Als je je kind voor de eerste keer in je armen hebt en in de oneindige diepte van die ogen kijkt, realiseer je je: ‘ik weet wie jij bent’.
Het is de herkenning van de prachtige essentie van dit kleine menselijke schepsel dat zich op wonderbaarlijke wijze in jou heeft gemanifesteerd. De kern van dit kind, die niets te maken heeft met zijn of haar naam, met het geslacht, met het uiterlijk, met de persoonlijkheid of met het gedrag. Wat je ziet is de essentie die vóór deze vormen aanwezig is.
Daar ligt de verbinding met het Allesomvattende, het Universele, het Goddelijke, als je het zo wilt noemen. Daar is je kind uit voortgekomen en altijd een deel van. Het wordt weerspiegeld in die ogen die nog geen idee hebben gevormd van wat ze waarnemen.
Kun je die essentie nog steeds zien als het kind een tegendraadse peuter met woede-aanvallen is? Als het een onwillig schoolkind speelt?

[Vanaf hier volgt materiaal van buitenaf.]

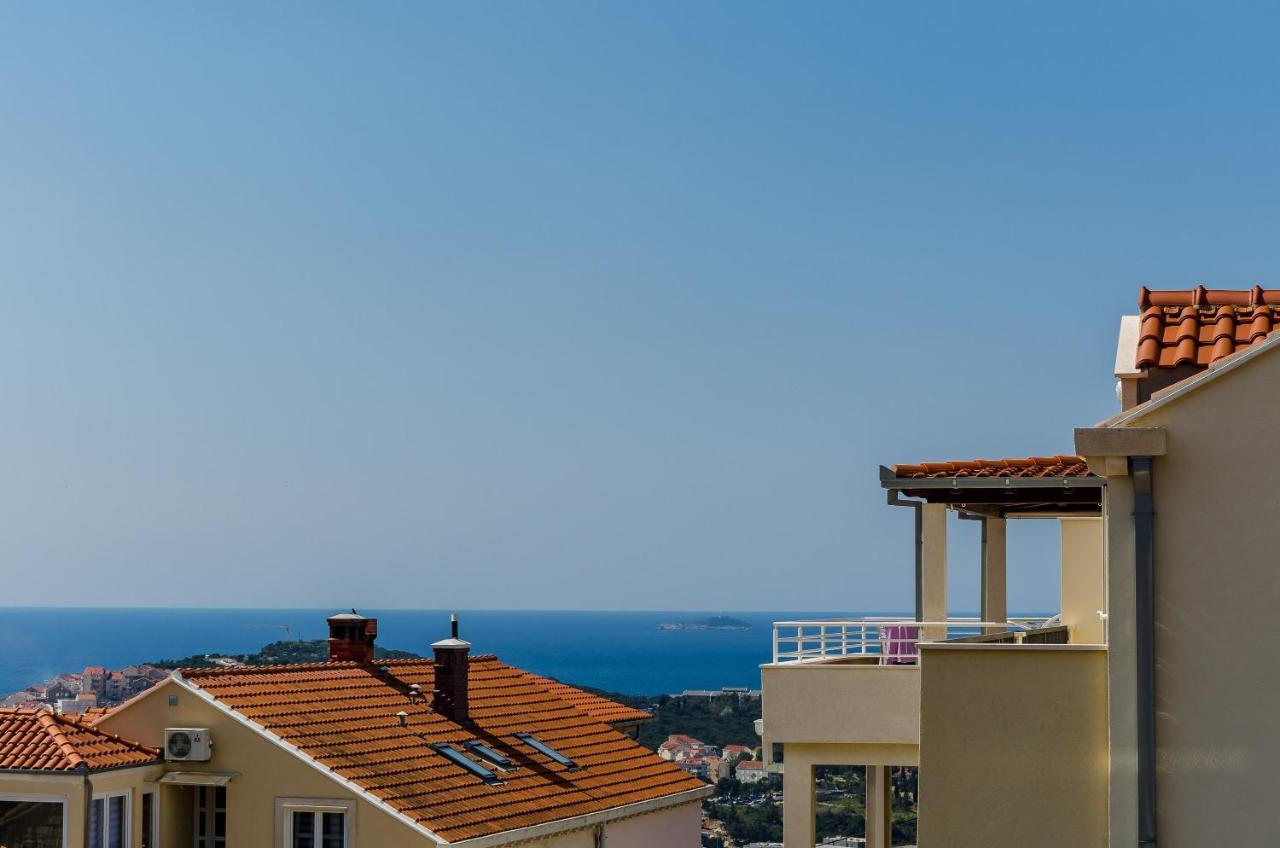 Life Apartment Dubrovnik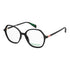 Gafas De Vista LEVI&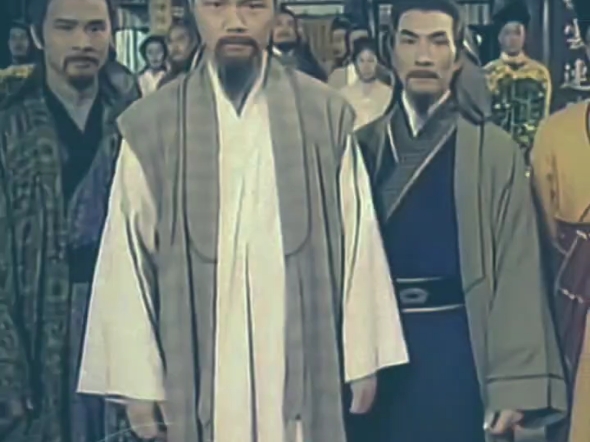 天龙八部97聚贤庄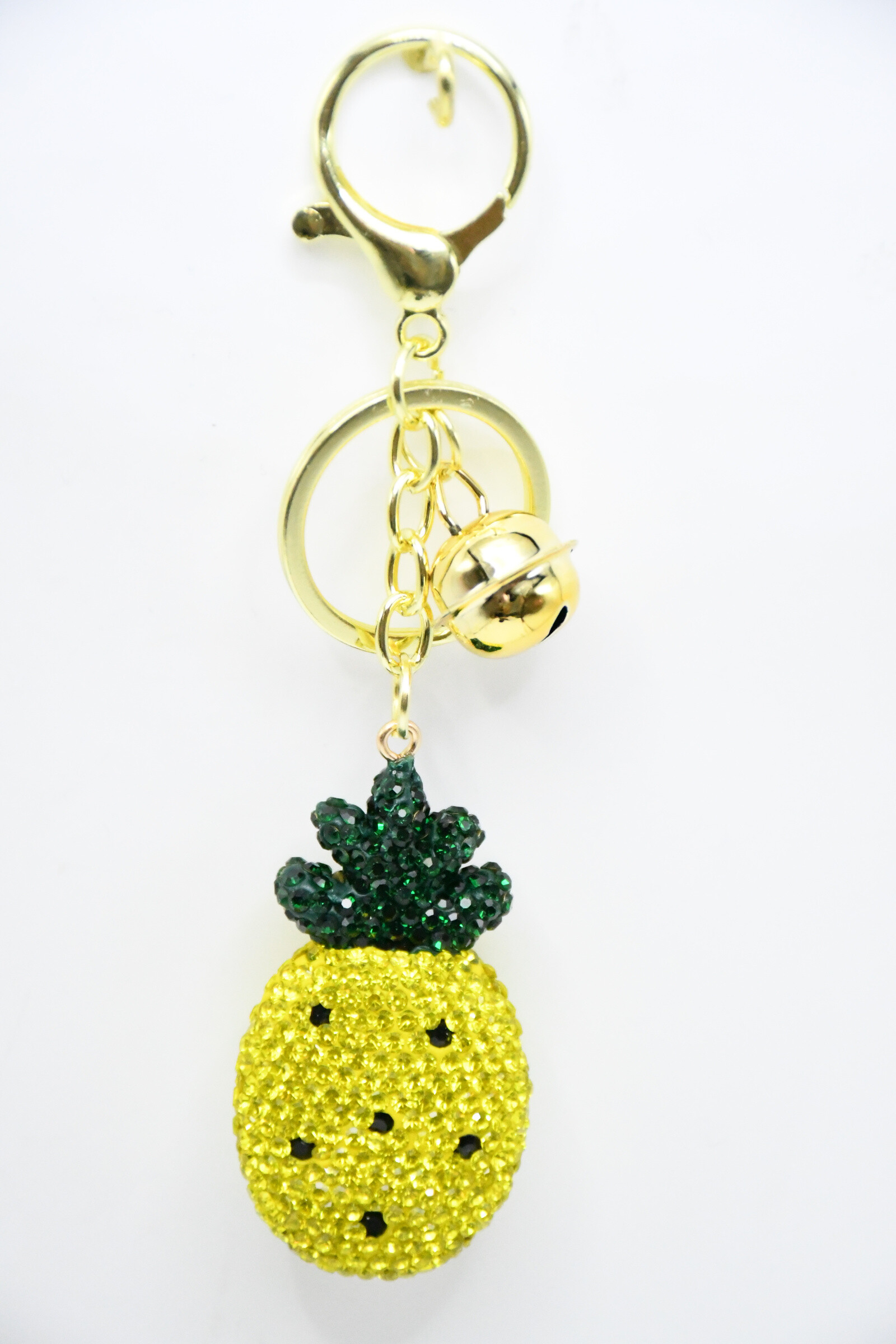 Wholesaler ROSA - Key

Puberale kuren en ‘onaangepast’ gedrag vertoont? Misschien zelfs een ‘stoornis’ ontwikkelt? Als het kind een kant opgaat die wij niet wenselijk of zelfs schadelijk achten?

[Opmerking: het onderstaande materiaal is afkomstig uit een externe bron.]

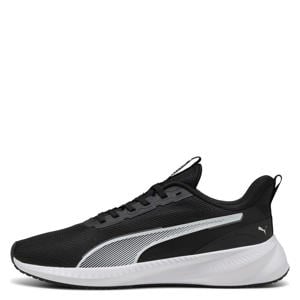 Flyer Lite 3 sneakers zwart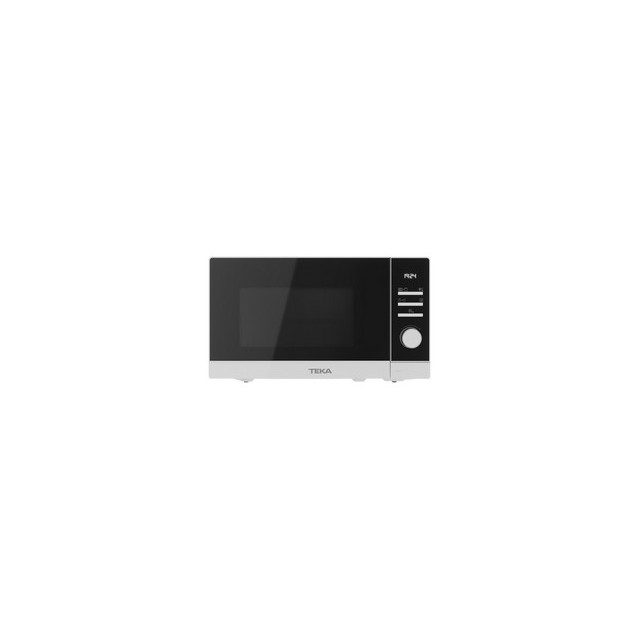 MICRO TEKA MWE FS20 G BLANCO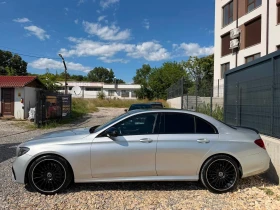 Mercedes-Benz E 220 D* 194* 63* AMG* 9-G TRONIC* - 18799 € - 73077925 5 | Car24.bg Mercedes-Benz E 220 D* 194* 63* AMG* 9-G TRONIC* - 18799 € - 73077925 5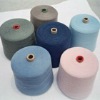 stock cashmere yarn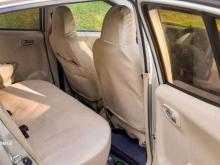 https://riyasewana.com/uploads/suzuki-a-star-51938076226.jpg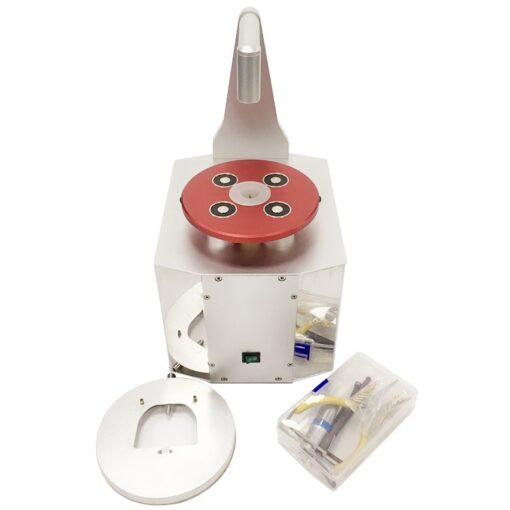 pindex dental laboratory equipment for sale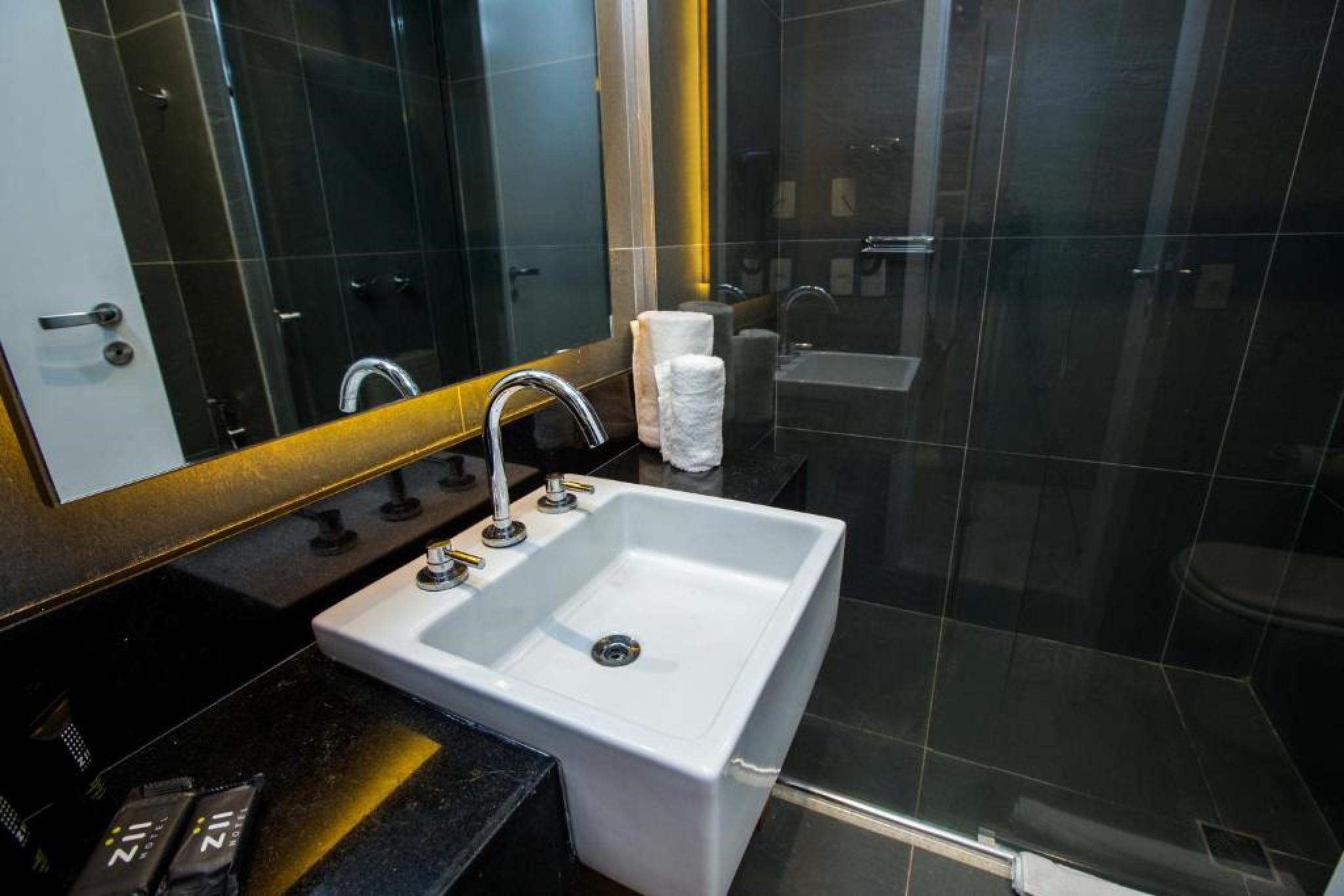 Ibis Styles Parauapebas (Adults Only) Luaran gambar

Het is een kunst om je ook dán bewust te blijven van die essentie. Ook al is die misschien niet direct meer te zien in die van jou wegkijkende ogen. Ogen met een boze, afstandelijke, gefrustreerde of verdrietige blik. Het is een uitdaging om dan nog steeds te kijken naar wat er vóór de uiterlijke verschijning, het gedrag of de stoornis ligt. Het vereist een groot vertrouwen in het Allesomvattende, het Universele, het Goddelijke. Maar het kan en het is in mijn ervaring de manier om de verbinding intact te houden. Om voorbij te gaan aan je angst en de liefde te laten stromen.